Source data -
--
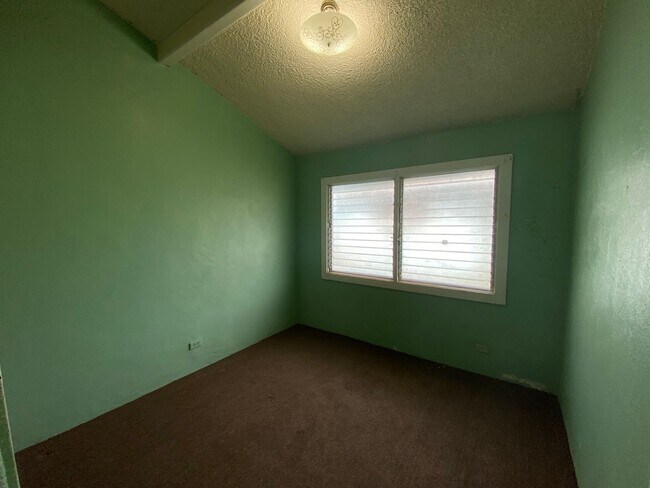 Foto del edificio - Four Bedroom Home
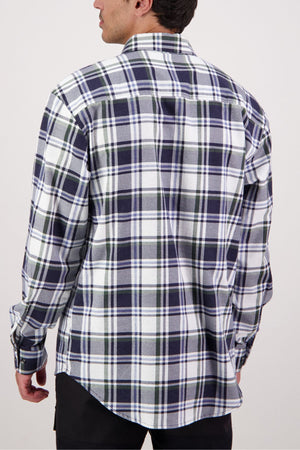 A man with short dark hair stands against a plain light background, wearing the Swanndri Egmont Flannelette Twin Pack—a long-sleeve, button-up shirt featuring a blue, green, and white plaid pattern.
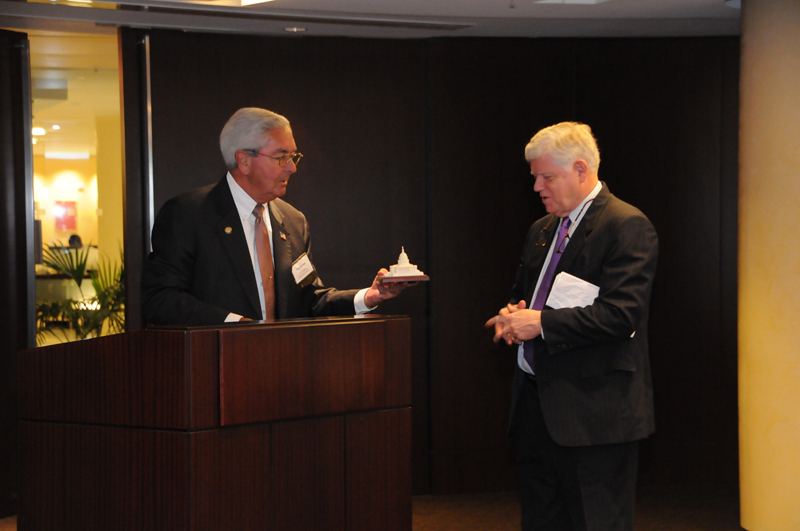 The Hon. Ron Sarasin, left, thanks Congressman Larson with a gift from the Society.
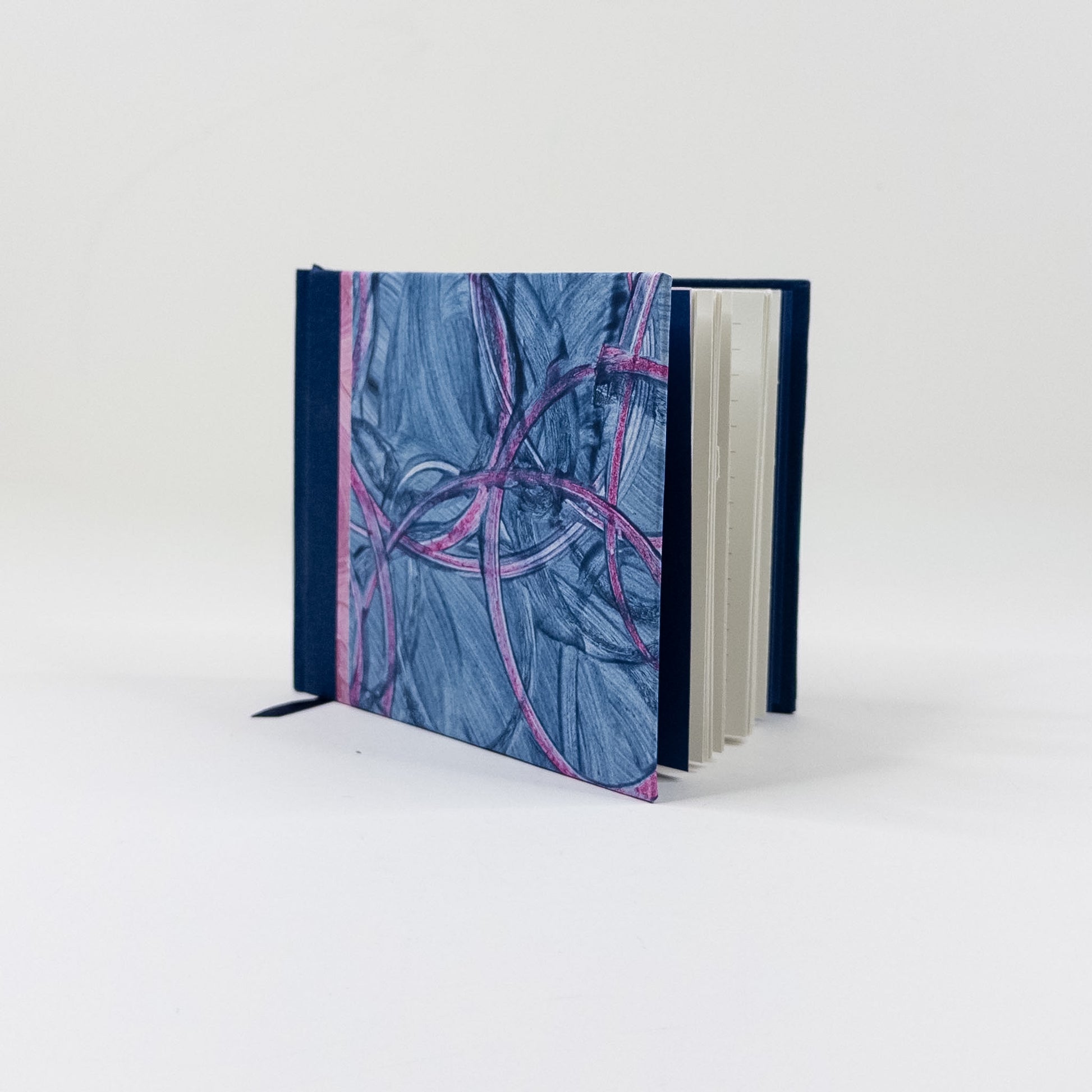 Landscape handmade journal standing upright, showing lined pages and navy ribbon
--
Activity - The lines to write out run from the one containing "The Hon. Ron" through the final line of the material above, both included; write them out exactly, with no pictures.

Solution to this task -
 The Hon. Ron Sarasin, left, thanks Congressman Larson with a gift from the Society.
 Landscape handmade journal standing upright, showing lined pages and navy ribbon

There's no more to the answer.